[Records]

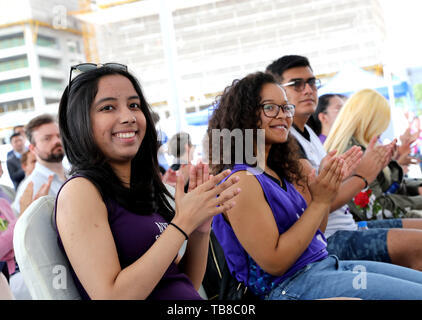 (190530) - Shanghai, 30. Mai 2019 (Xinhua) - die Vertreter der New York University (NYU Shanghai Shanghai) der Spatenstich für den Bau des neuen Campus in Shanghai, China, 30. Mai 2019 teilnehmen. Shanghai begann den Bau Donnerstag auf dem neuen Campus der New York University Shanghai, das erste chinesisch-US-Hochschule in China. Im Neuen Bund von Pudong District (Qiantan Bereich), den Bau entfernt erstreckt sich auf mehr als 110.000 Quadratmetern und wird voraussichtlich bis 2022 abgeschlossen sein. Der neue Campus können bis zu 4.000 Studenten und Doktoranden. (Xinhua / Liu Ying Stockfoto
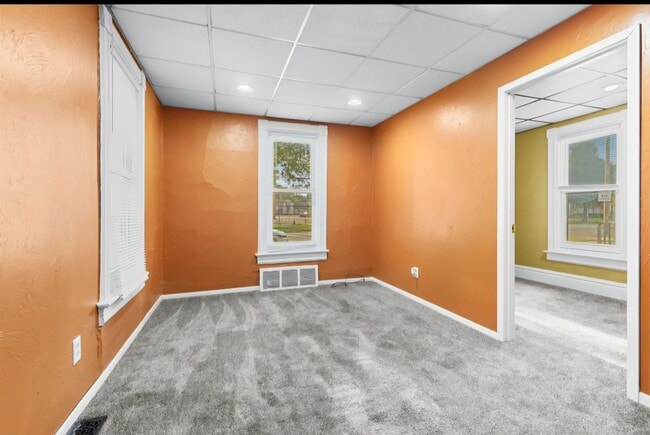 Building Photo - 1015 Bluff St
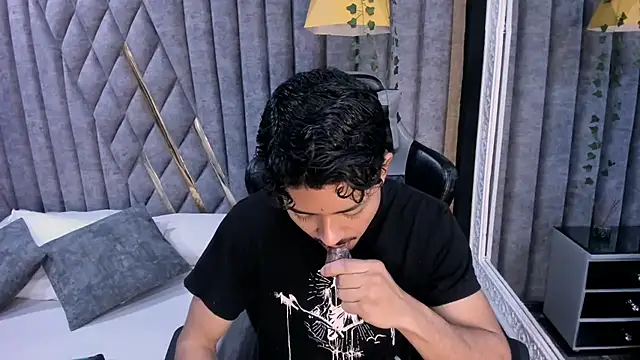 NicolaiKarav online show from 4, 4, 2026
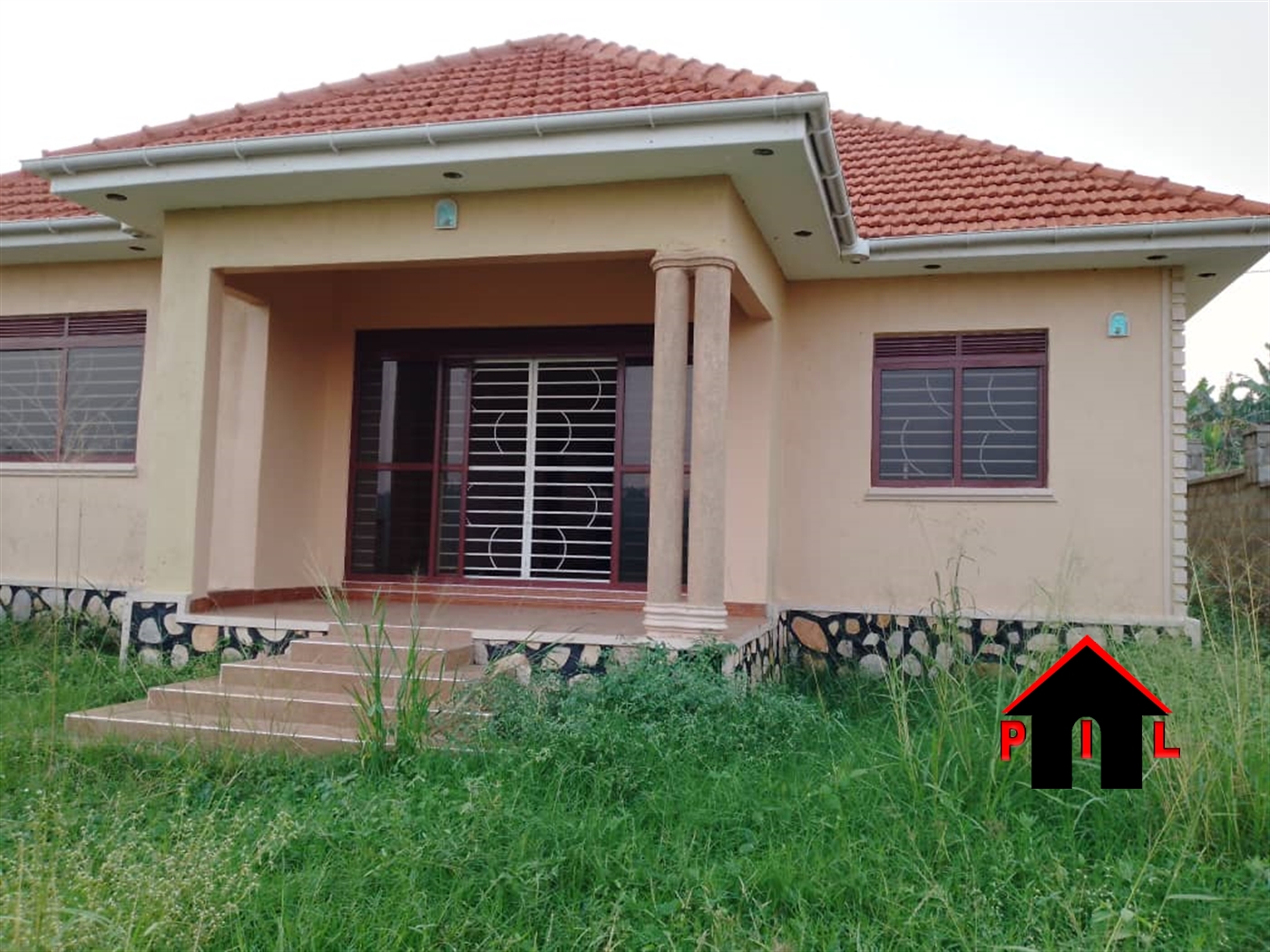 Bungalow for sale in Kitukutwe Wakiso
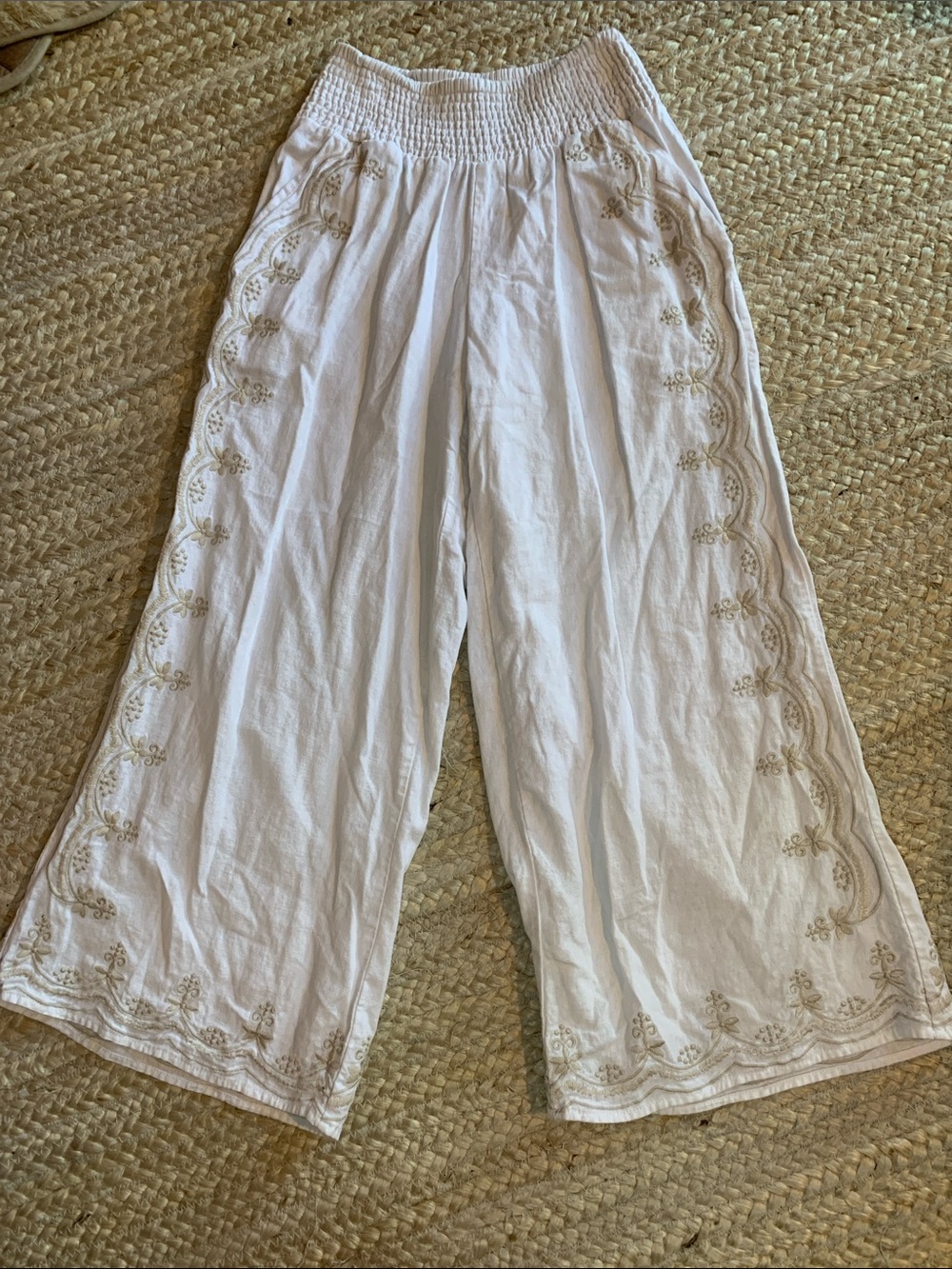 Beautiful White Embroidered Wide-Leg Linen Blend Pants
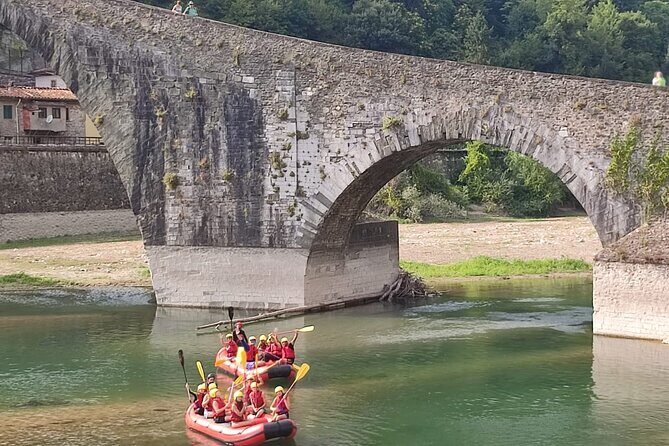 Rafting activity with family in Lucca - Frequently Asked Questions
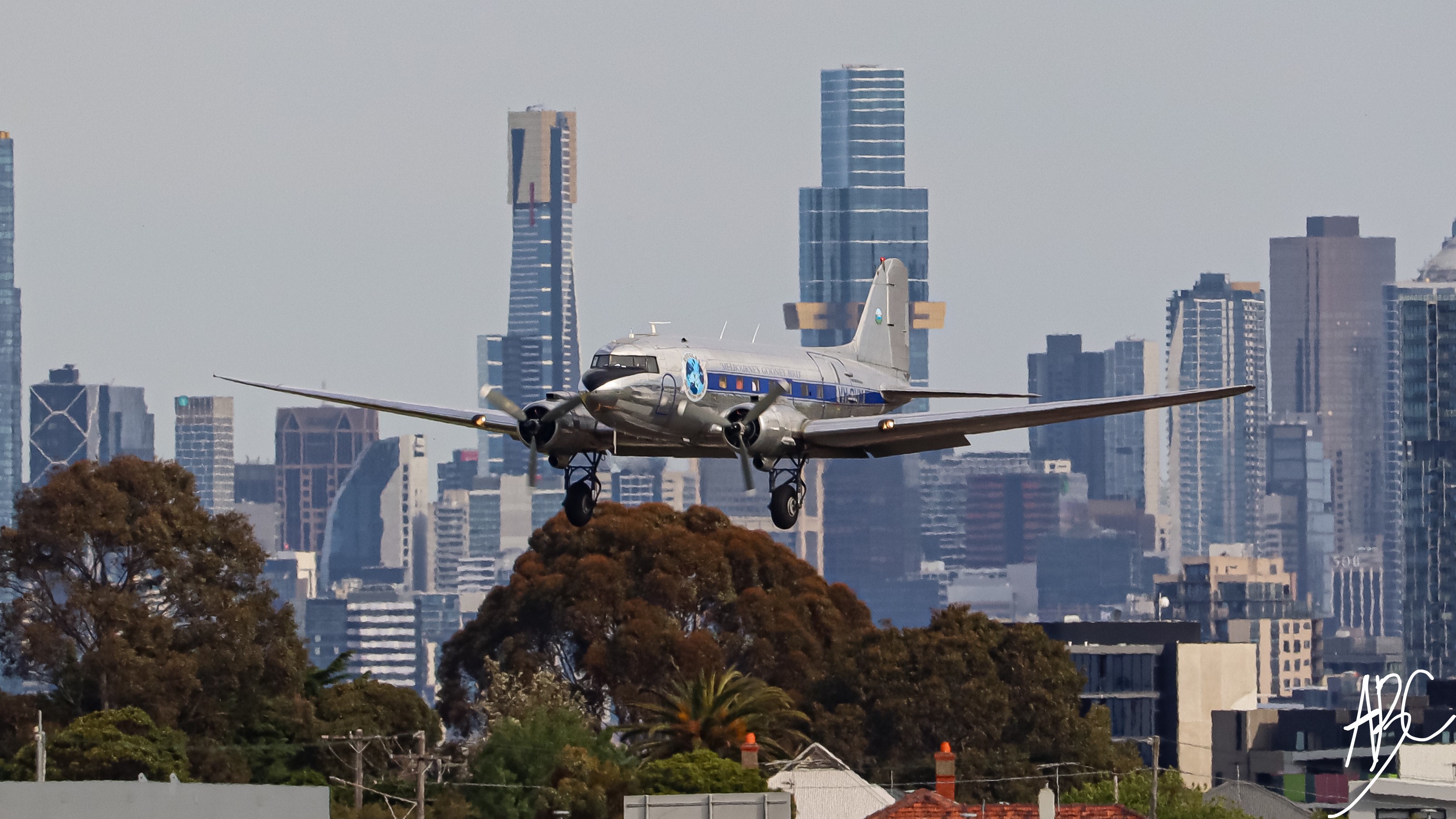 City Joy Flight Aboard Melbourne's Gooney Bird DC-3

[/Records]

_What the task requires_:
With the pictures set aside, repeat every entry above exactly.

_Your solution_:
 (190530) - Shanghai, 30. Mai 2019 (Xinhua) - die Vertreter der New York University (NYU Shanghai Shanghai) der Spatenstich für den Bau des neuen Campus in Shanghai, China, 30. Mai 2019 teilnehmen. Shanghai begann den Bau Donnerstag auf dem neuen Campus der New York University Shanghai, das erste chinesisch-US-Hochschule in China. Im Neuen Bund von Pudong District (Qiantan Bereich), den Bau entfernt erstreckt sich auf mehr als 110.000 Quadratmetern und wird voraussichtlich bis 2022 abgeschlossen sein. Der neue Campus können bis zu 4.000 Studenten und Doktoranden. (Xinhua / Liu Ying Stockfoto
 Building Photo - 1015 Bluff St
 NicolaiKarav online show from 4, 4, 2026
 Bungalow for sale in Kitukutwe Wakiso
 Beautiful White Embroidered Wide-Leg Linen Blend Pants
 Rafting activity with family in Lucca - Frequently Asked Questions
 City Joy Flight Aboard Melbourne's Gooney Bird DC-3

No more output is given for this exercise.